# Climate coding challenge, Part 6

Getting your own data

## There are more Earth Observation data online than any one person could ever look at

[NASA’s Earth Observing System Data and Information System (EOSDIS)
alone manages over 9PB of
data](https://www.earthdata.nasa.gov/learn/articles/getting-petabytes-people-how-eosdis-facilitates-earth-observing-data-discovery-and-use).
1 PB is roughly 100 times the entire Library of Congress (a good
approximation of all the books available in the US). It’s all available
to **you** once you learn how to download what you want.

Here we’re using the NOAA National Centers for Environmental Information
(NCEI) [Access Data
Service](https://www.ncei.noaa.gov/support/access-data-service-api-user-documentation)
application progamming interface (API) to request data from their web
servers. We will be using data collected as part of the Global
Historical Climatology Network daily (GHCNd) from their [Climate Data
Online library](https://www.ncdc.noaa.gov/cdo-web/datasets) program at
NOAA.

For this example we’re requesting [daily summary data in
**Boulder, CO** (station ID
**USC00050848**)](https://www.ncdc.noaa.gov/cdo-web/datasets/GHCND/stations/GHCND:USC00050848/detail).

> ** Your task:**
>
> 1.  Research the [**Global Historical Climatology Network -
>     Daily**](https://www.ncei.noaa.gov/metadata/geoportal/rest/metadata/item/gov.noaa.ncdc:C00861/html)
>     data source.
> 2.  In the cell below, write a 2-3 sentence description of the data
>     source.
> 3.  Include a citation of the data (**HINT:** See the ‘Data Citation’
>     tab on the GHCNd overview page).
>
> Your description should include:
>
> -   who takes the data
> -   where the data were taken
> -   what the maximum temperature units are
> -   how the data are collected

### The Global Historical Climatology Network - Daily

The GHCN is a global network of various meteorlogival measurements made on land - mostly precipitation. In this case, these are daily observations and U.S. based observations are updated daily in most cases. While the GHCN provides an abundance of historucal meteorlogical data, its direct use for understanding climate change is limited because the data collected does not meet climate monitoring standards. Therfore some data cleaning is required before interpretation. 

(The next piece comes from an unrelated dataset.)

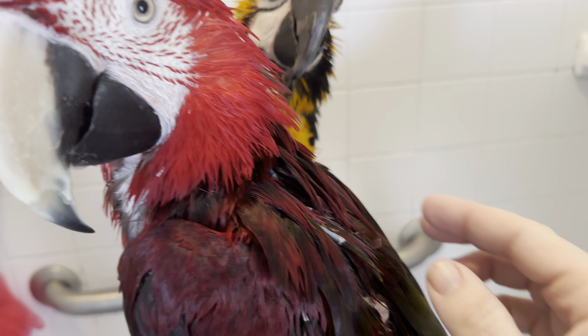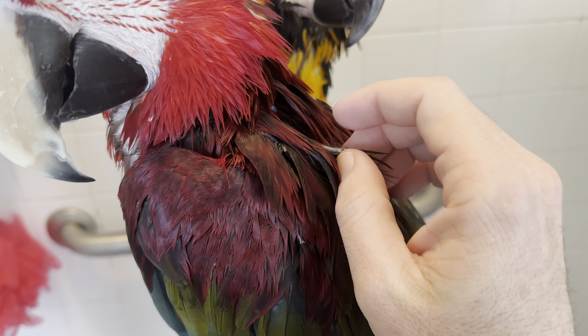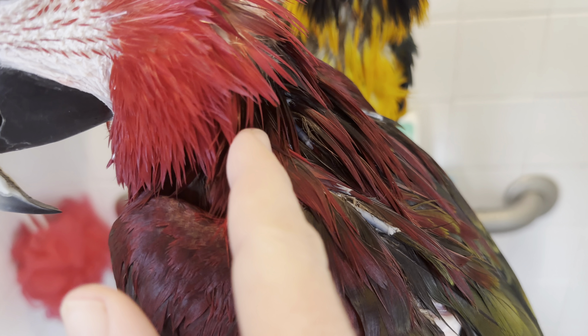Check out these pin feathers on Charles. He's got these huge quills. The feathers grow inside this sheath and then they break open and the feather comes out.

*Menne, Matthew J., Imke Durre, Bryant Korzeniewski, Shelley McNeill, Kristy Thomas, Xungang Yin, Steven Anthony, Ron Ray, Russell S. Vose, Byron E.Gleason, and Tamara G. Houston (2012): Global Historical Climatology Network - Daily (GHCN-Daily), Version 3. [indicate subset used]. NOAA National Climatic Data Center. doi:10.7289/V5D21VHZ [2024 Sep 17].*

## Access NCEI GHCNd Data from the internet using its API 🖥️ 📡 🖥️

The cell below contains the URL for the data you will use in this part
of the notebook. We created this URL by generating what is called an
**API endpoint** using the NCEI [API
documentation](https://www.ncei.noaa.gov/support/access-data-service-api-user-documentation).

> **Note**
>
> An **application programming interface** (API) is a way for two or
> more computer programs or components to communicate with each other.
> It is a type of software interface, offering a service to other pieces
> of software ([Wikipedia](https://en.wikipedia.org/wiki/API)).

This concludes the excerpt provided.